The local private sector said it was “dismayed” at the latest downgrade of the country’s bond rating by international ratings agency Moody’s Investors Service, and that it took little comfort from the stable outlook.
Over the weekend a statement from Moody’s said the decision to downgrade the island’s Issuer and Bond Ratings to Caa1 from B3 and revise the outlook to stable from negative was driven by low levels of foreign exchange reserves and weak funding conditions, as well as slow progress towards achieving fiscal consolidation consistent with a suitable debt trajectory.
Chairman of the Barbados Private Sector Association (BPSA) Alex McDonald told Barbados TODAY the Issuer Rating downgrade was “almost like a slap in the face” since it virtually nullified the stable outlook.
“But surely they were very dismayed. They were hopeful that the talk of growth and so on would have helped to move the ratings to a more positive sign,” McDonald said of the reaction of the BPSA membership.
The island recorded 0.5 per cent economic growth in 2015 and had about 14 weeks of foreign reserves, according to the Central Bank.

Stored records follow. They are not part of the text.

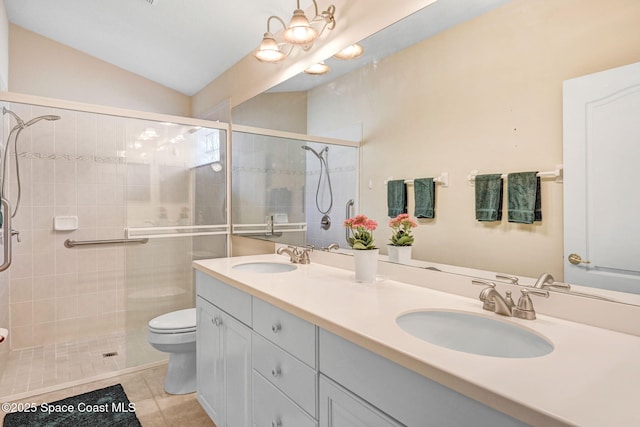 bathroom featuring walk in shower, toilet, vaulted ceiling, vanity, and tile patterned flooring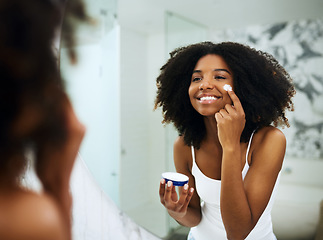 Image showing Skincare, bathroom mirror and black woman with cream, smile and morning dermatology routine. Health, wellness and luxury skin care at home, girl in reflection with lotion on face for facial treatment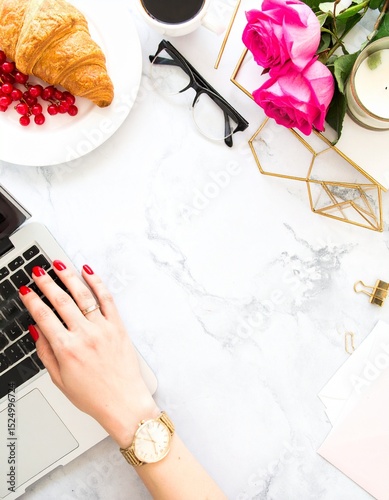 The hands of a young woman operating a laptop computer. Stylish work-from-home image background material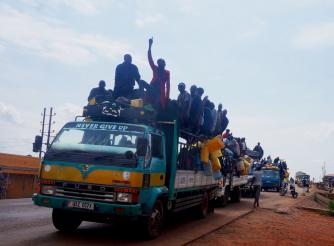 The photo shows members of the Apaa community on an open-top bus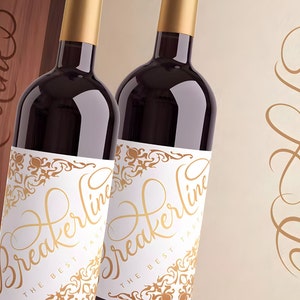 Pu&ograve; includere: Due bottiglie di vino rosso con etichette dorate che recitano "Breakerline The Best Taste". Le bottiglie sono davanti a una scatola di legno con lo stesso testo sul lato.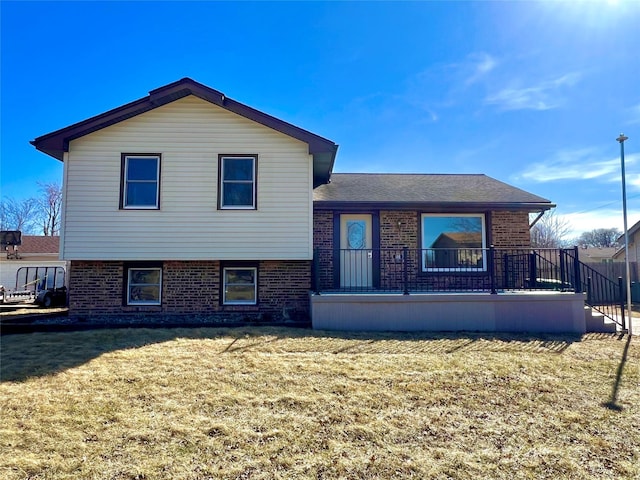 rear view of house featuring a yard and brick siding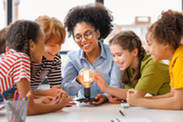 Teacher showing students how electricity works to light a bulb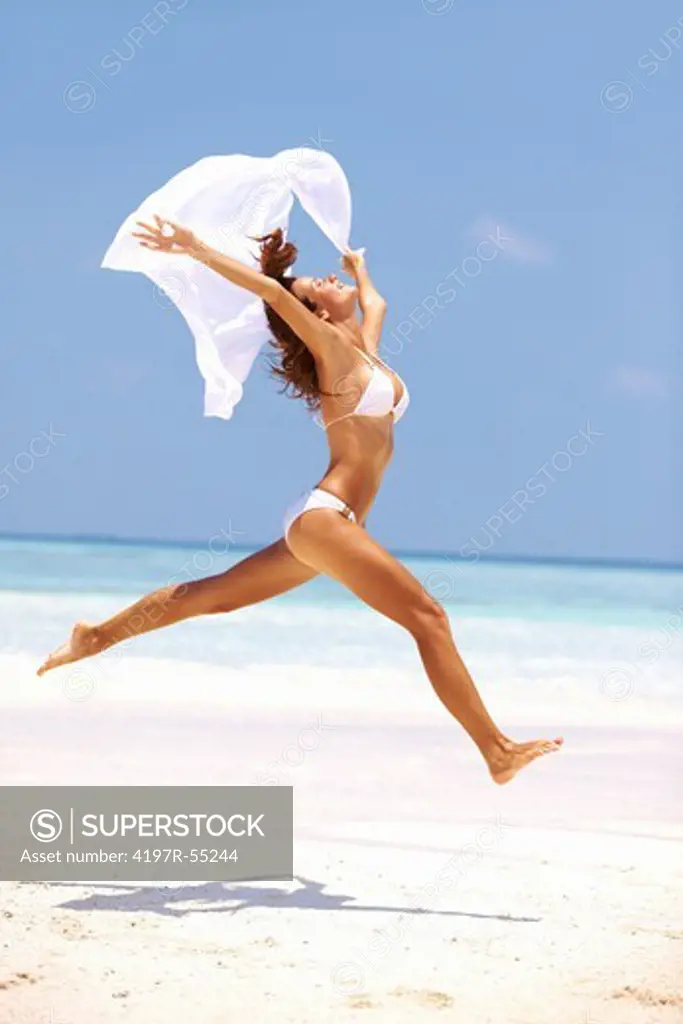 Portrait of carefree young woman in bikini jumping at beach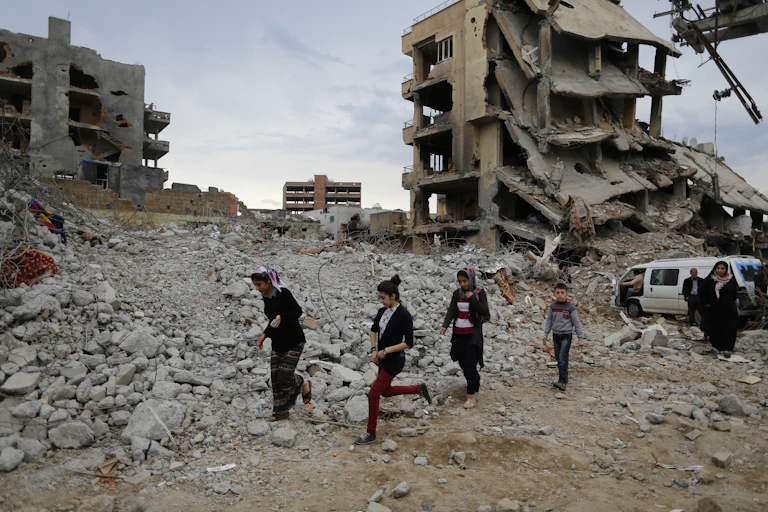Four children walking over rubble in a war-damaged town.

McDonald told Barbados TODAY, ideally the business community would have liked to see movements upwards.
However, he said no movement at all would have been better than a downgrade.
“We would prefer to have seen no movement rather than a movement downward. And the movement from [negative] to stable is small comfort at this time to be honest,” he said.

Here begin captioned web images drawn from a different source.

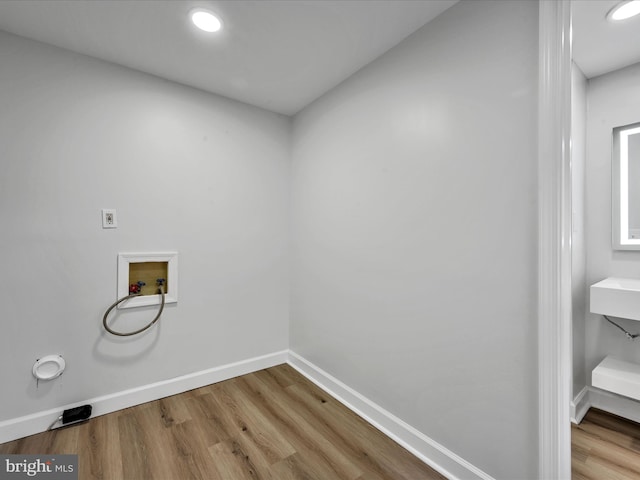 laundry area featuring hookup for a washing machine, hardwood / wood-style flooring, and hookup for an electric dryer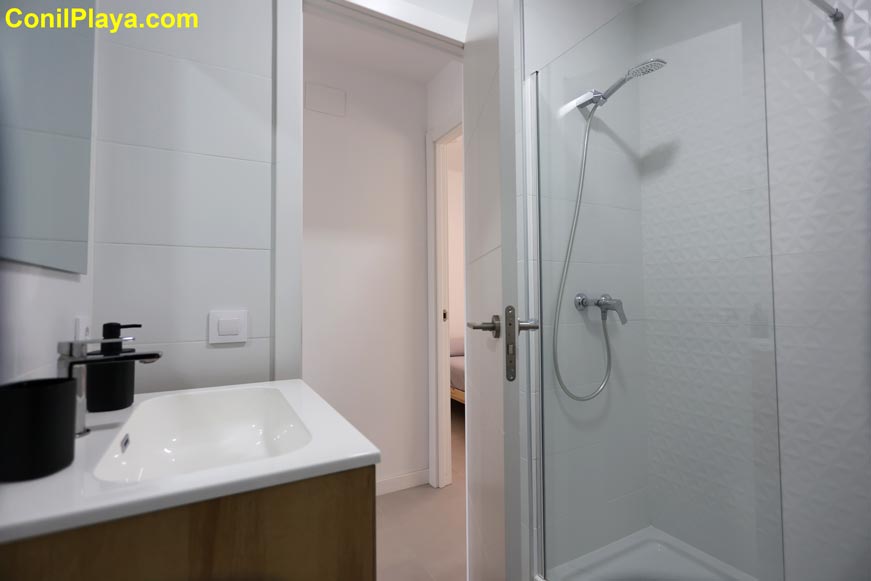 Cuarto de baño moderno con ducha y lavabo visto desde la entrada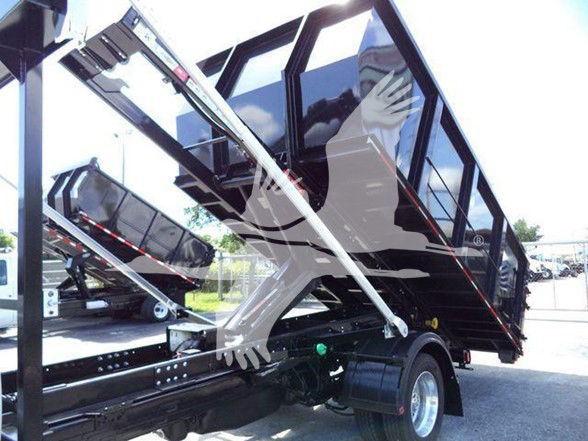 Ram 5500 dump truck bed with hydraulic lift and black dump box on a chassis.
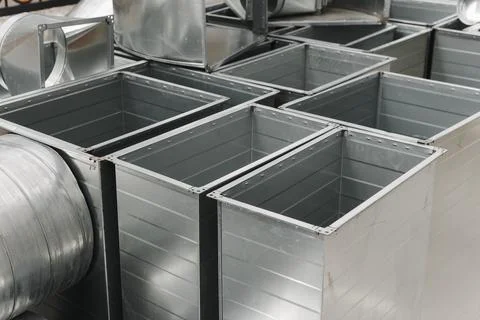 Ventilation rectangular ducts and pipeline parts on store outdoors. Stock Photos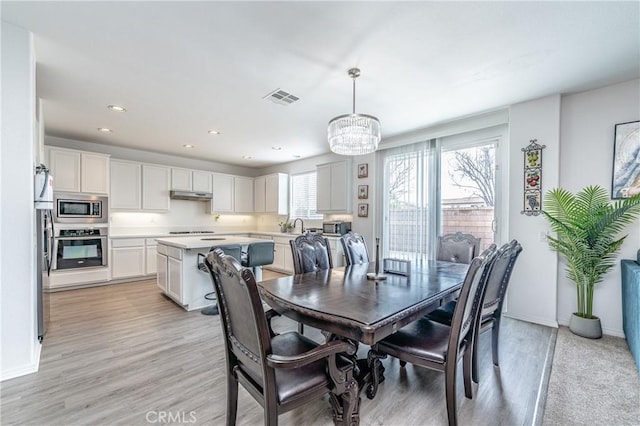 dining room featuring a notable chandelier, light hardwood / wood-style flooring, and sink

The BPSA Chairman warned that the country could not withstand many more of these negative reviews and called for a redoubling of efforts to deal with the national debt.
McDonald said the assessment suggested that some reform was necessary, adding that the private sector had repeatedly called for “the consultative process to really get into the belly of what this beast is” and to collectively chart a way forward.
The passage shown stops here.